Scraped caption text data

+---+

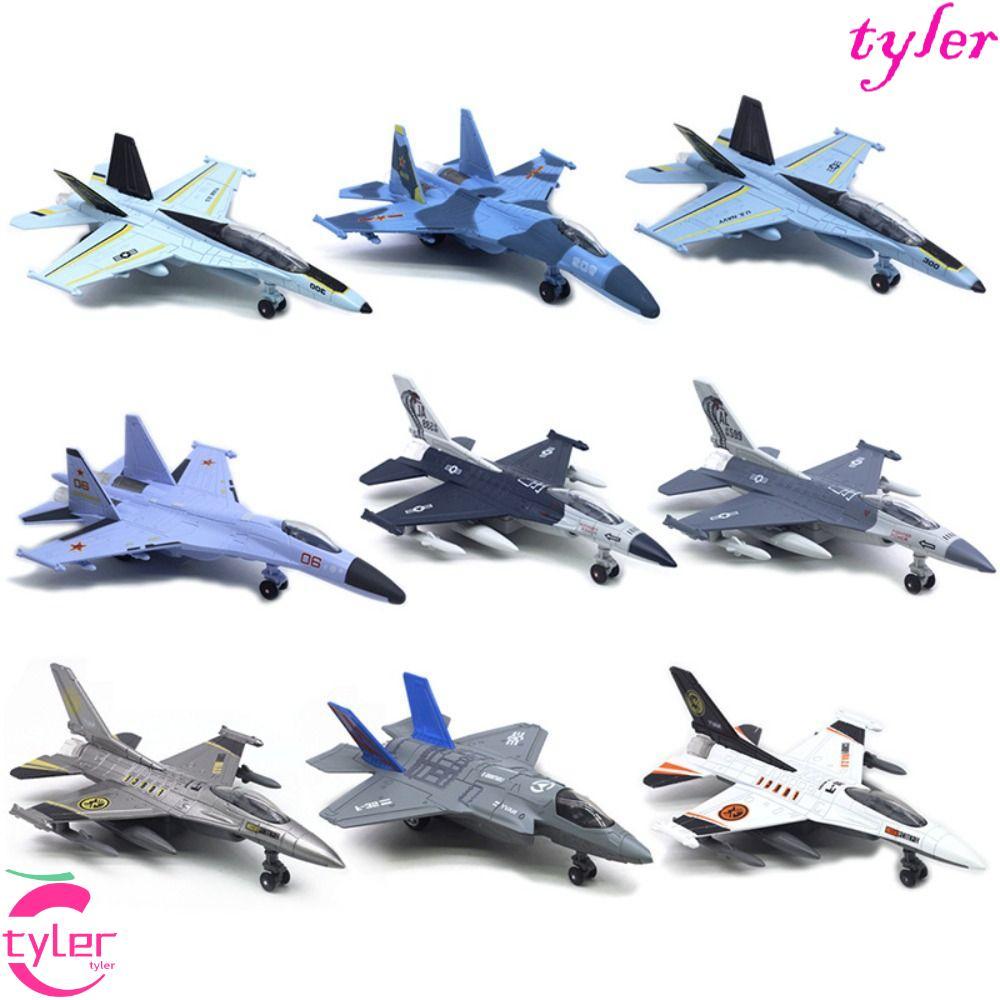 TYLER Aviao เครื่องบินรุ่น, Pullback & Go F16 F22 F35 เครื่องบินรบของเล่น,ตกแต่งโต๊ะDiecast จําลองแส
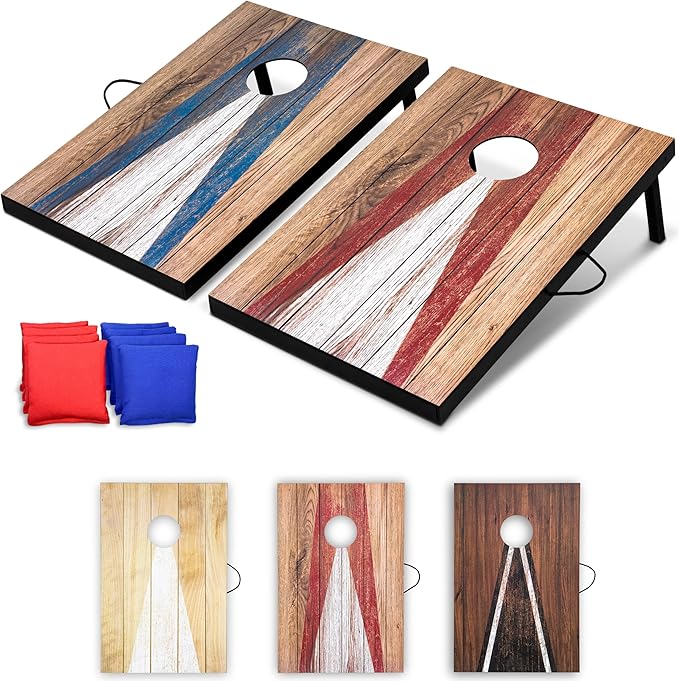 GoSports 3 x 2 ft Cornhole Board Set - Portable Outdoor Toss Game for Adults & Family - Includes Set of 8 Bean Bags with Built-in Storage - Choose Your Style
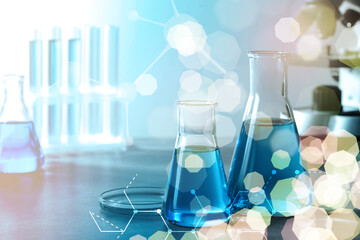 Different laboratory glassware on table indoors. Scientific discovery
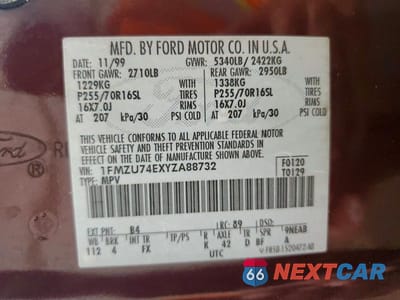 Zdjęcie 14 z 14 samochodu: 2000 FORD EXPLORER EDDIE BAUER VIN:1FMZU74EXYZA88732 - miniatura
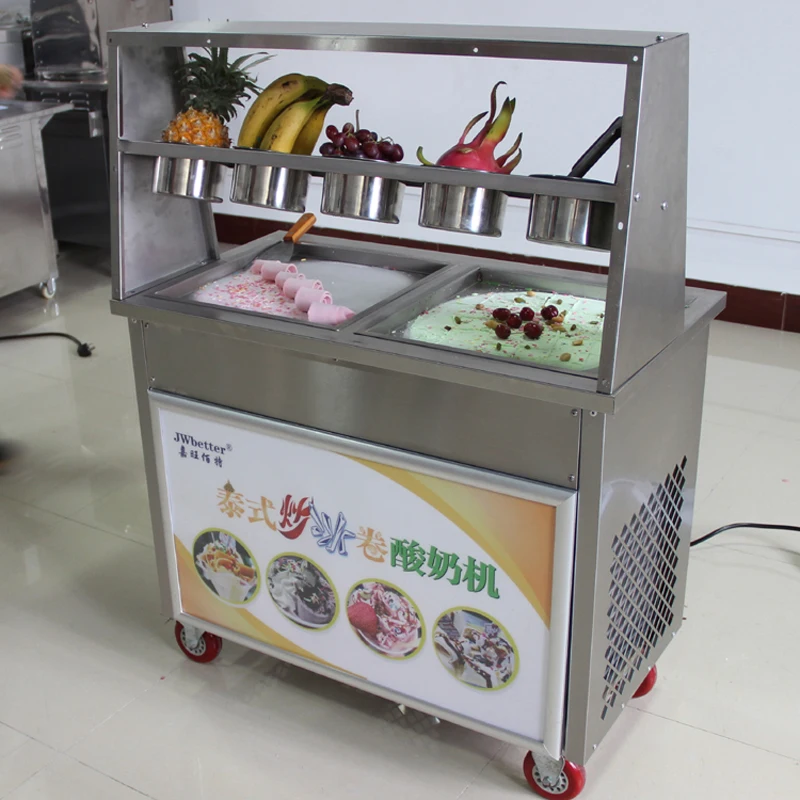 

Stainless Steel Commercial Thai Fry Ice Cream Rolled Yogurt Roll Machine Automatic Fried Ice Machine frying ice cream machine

+---+

Assignment
Do not include pictures. Copy only the lines running from the line with "Zdjęcie 14 z" through the last line of the records, exactly as they appear.

Answer section
 Zdjęcie 14 z 14 samochodu: 2000 FORD EXPLORER EDDIE BAUER VIN:1FMZU74EXYZA88732 - miniatura

Stainless Steel Commercial Thai Fry Ice Cream Rolled Yogurt Roll Machine Automatic Fried Ice Machine frying ice cream machine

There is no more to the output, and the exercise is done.